Amazon's CEO Jeff Bezos' created his "two pizza rule" – which means that if two pizzas cannot feed a team, the team is too big. [I'm happy I'm the only marketing exec - I'll have the two pizza's please!]
In a startup environment, we may think that hiring more employees will solve multiple problems and eliminate some of the obstacles encountered.
If we have a larger team, we will be able to achieve our goals quicker, right?
Well, not necessarily. Take a step back and think twice before posting that new job advertisement.
Several online sources have pointed out how more employees could slow down overall productivity levels. Small teams could result in better collaboration between employees, especially in small companies where everyone works together.
In addition to his "two pizza rule", Jeff Bezos wrote a letter to his stakeholders in 2013. He emphasised the advantages of having a small team, stressing that it sparks innovation and creativity. "This decentralised distribution of invention throughout the company – not limited to the company's senior leaders – is the only way to get robust, high-throughput innovation," he stated.
Before deciding to recruit new team members for your startup, think carefully before hiring too many at once. You may realise that one new hire might be more beneficial than the three new hires you believed you needed. When the group size grows, it is more of a challenge to notice each team member's efforts and advancement; when each employee's work goes unrecognised, social loafing may occur. As a result, employees may lose their intrinsic motivation and feel comforted that other team members will substitute for the gaps they leave. In larger companies with big teams, it is challenging to spot high-performing people quickly.

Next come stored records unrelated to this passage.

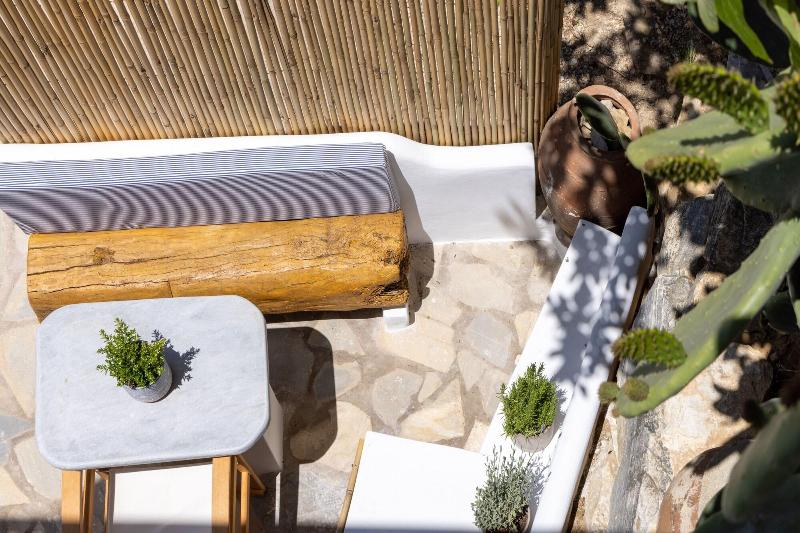 Living Theros Luxury Suites image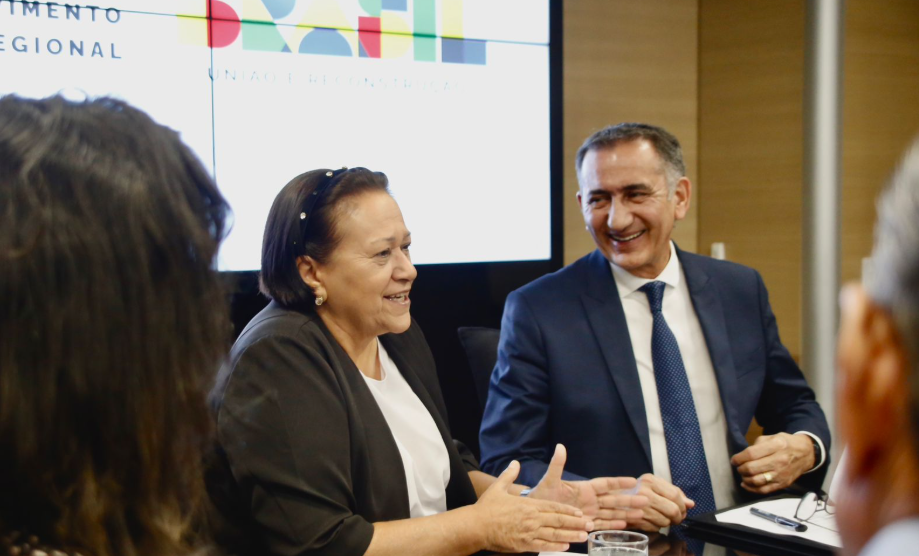 Fátima Bezerra e ministro Waldez Góes acompanham obras da Transposição no RN e reforçam esperança hídrica para o estado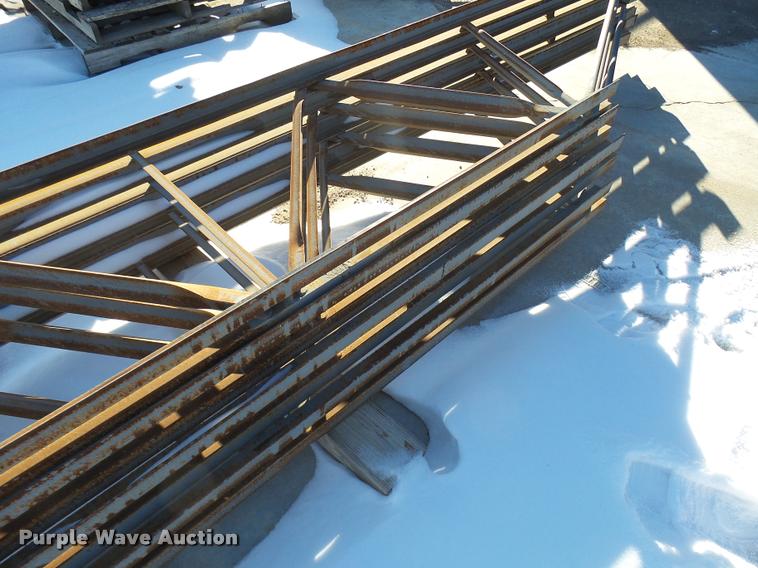 image for item DG9331 (4) metal trusses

Unfortunately, employees who feel like their input doesn't matter too much may apply this mindset: Why enter a competition for a prize when thousands of other people have already entered? What are the chances of winning? Similarly, in a meeting room with 30 people, we can choose to sit in silence and ponder what to cook for dinner that evening. On the other hand, in a meeting room with 4-8 people, it becomes apparent when someone becomes lost in thought, and there is more pressure on each person to contribute and take part.
High-performing individuals, however, will continue to strive for excellent results and adopt a "you gotta be in to win" mentality. They will continue to enter competitions regardless of the number of contestants and share their ideas in a meeting room even when there's no pressure to participate.

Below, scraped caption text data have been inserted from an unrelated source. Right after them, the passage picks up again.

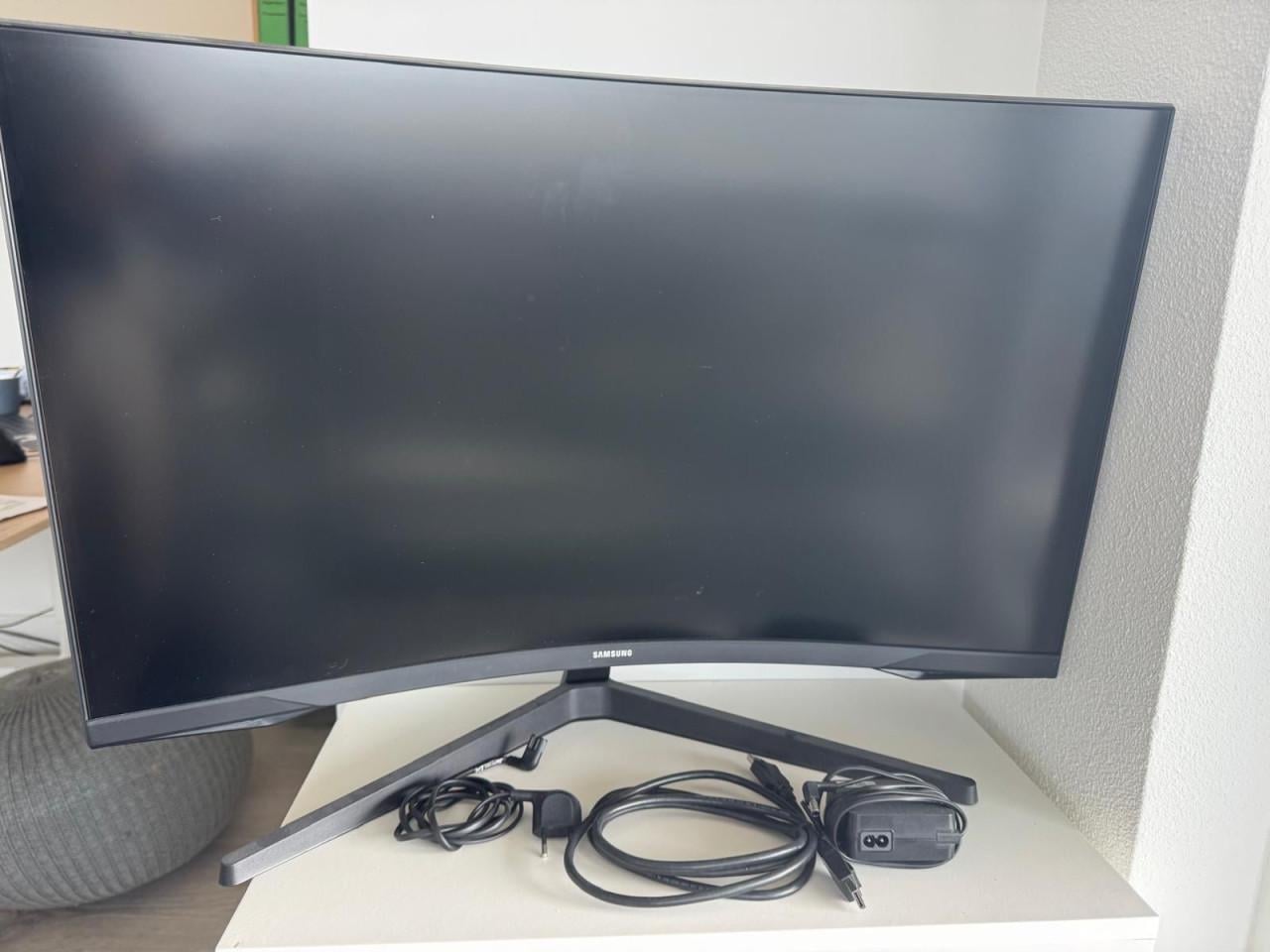 Beeldscherm Samsung curved 80 cm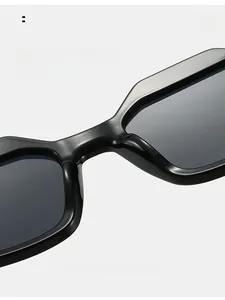 Gros plan détaillé des plaquettes de nez épaisses pour un confort optimal des lunettes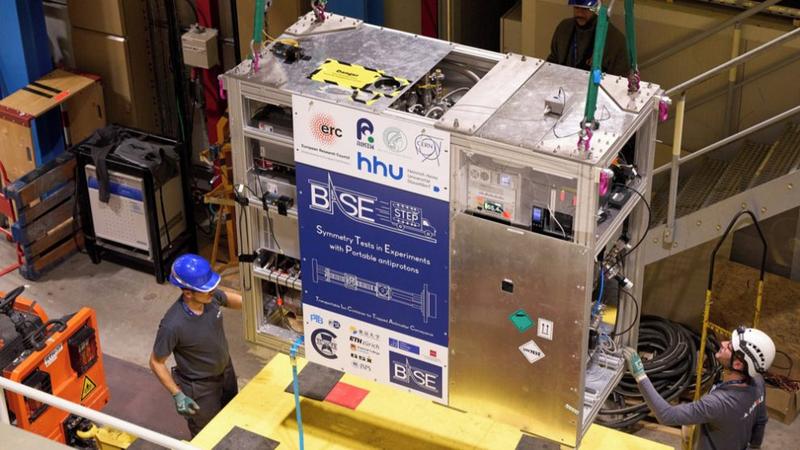 Erster Transport von Antimaterie gelungen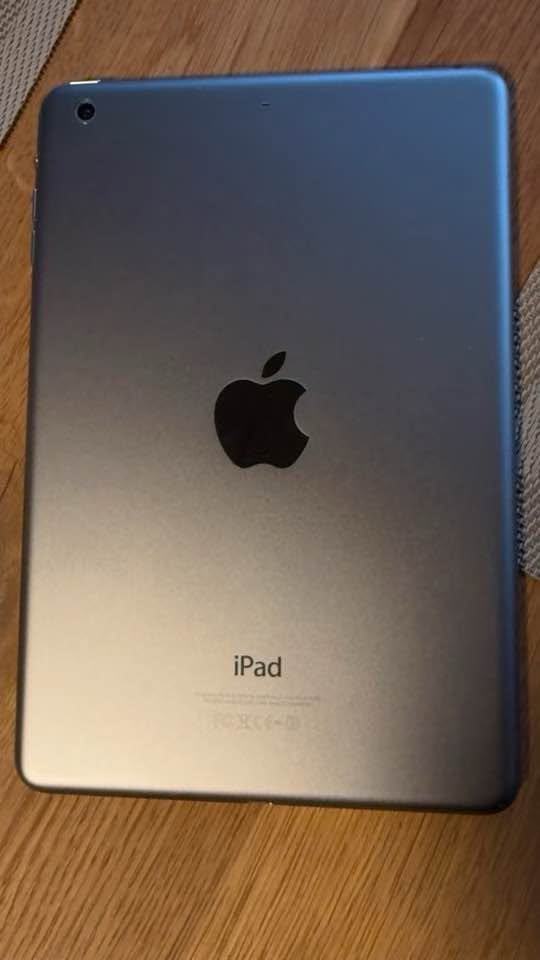 I am selling an original Apple Ipad mini 2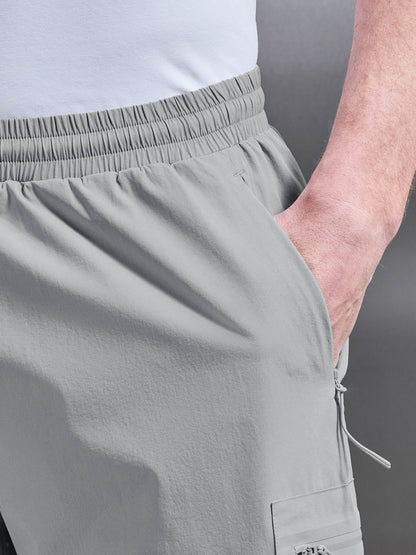 Gedetailleerd beeld van de cargozak op de dij van de heren cargoshorts, inclusief de tonale rits en trekkoordje.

The Discovery of Social Loafing
Max Ringlemann, a French agricultural engineer, was one of the first people to look closely at the concept of social loafing back in 1913. He carried out an experiment where he asked volunteers to pull a rope, both in teams and alone. When working alone to pull the rope, the volunteers tried very hard as they had no one to rely on. The effort becomes reduced when pulling the rope as a team.

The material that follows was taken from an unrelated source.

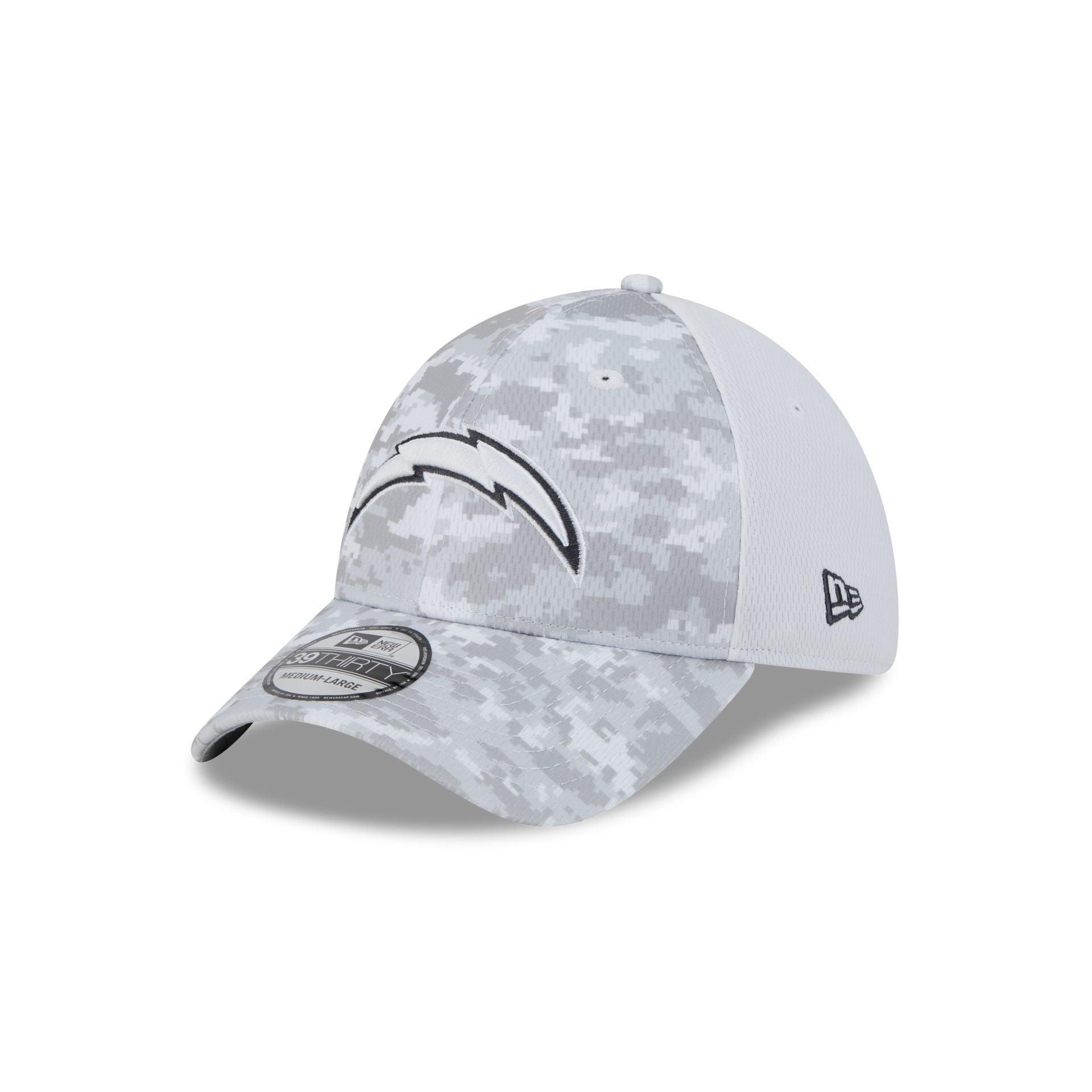 Los Angeles Chargers 2024 Salute to Service 39THIRTY Stretch Fit Hat Male Product Image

Reasons Why Social Loafing May Occur
Motivation [Or Lack of It]
Employees who are not motivated by specific tasks may take part in social loafing as team sizes expand.
Dispersal of workload
If people are not solely responsible for projects and feel less accountable for the total outcome, they may engage in social loafing. When their input into a task or project doesn't impact the overall result, they may be less motivated to try their best.
Lack of Trust in Other Colleagues
What if members of the team are suspected to be procrastinating and avoiding work? In that case, others may follow to prevent taking on more responsibility and escape from covering for people who put in little effort. Those who work hard and those who don't may receive the same appraisal later for the team effort.
In contrast to the above idea, a less motivated employee may slack off if other team members are enthusiastic about a project, taking advantage of those willing to take on their share of the workload.
Benefits of Small Teams in Startups
While larger corporations must have bigger teams due to a higher workload and more clients, there are many advantages to having a small group. When you feel like all you're missing for your early startup is more manpower, think of the benefits of having a small team working closely together.
A considerable advantage of being part of a small team is the flexibility it offers. Employees in large corporations usually focus on their duties with little knowledge of what other people are doing. Smaller teams can result in better coordination between employees and more involvement in other departments.
Working for a startup will often require employees to step outside their comfort zone and take on responsibilities outside their job description to help the company. Regardless of job title, all employees work closely together, sharing mutual support. Small teams, especially those of startups, are very united and share common goals. Team leaders of small groups also have more opportunities to coach and motivate employees daily.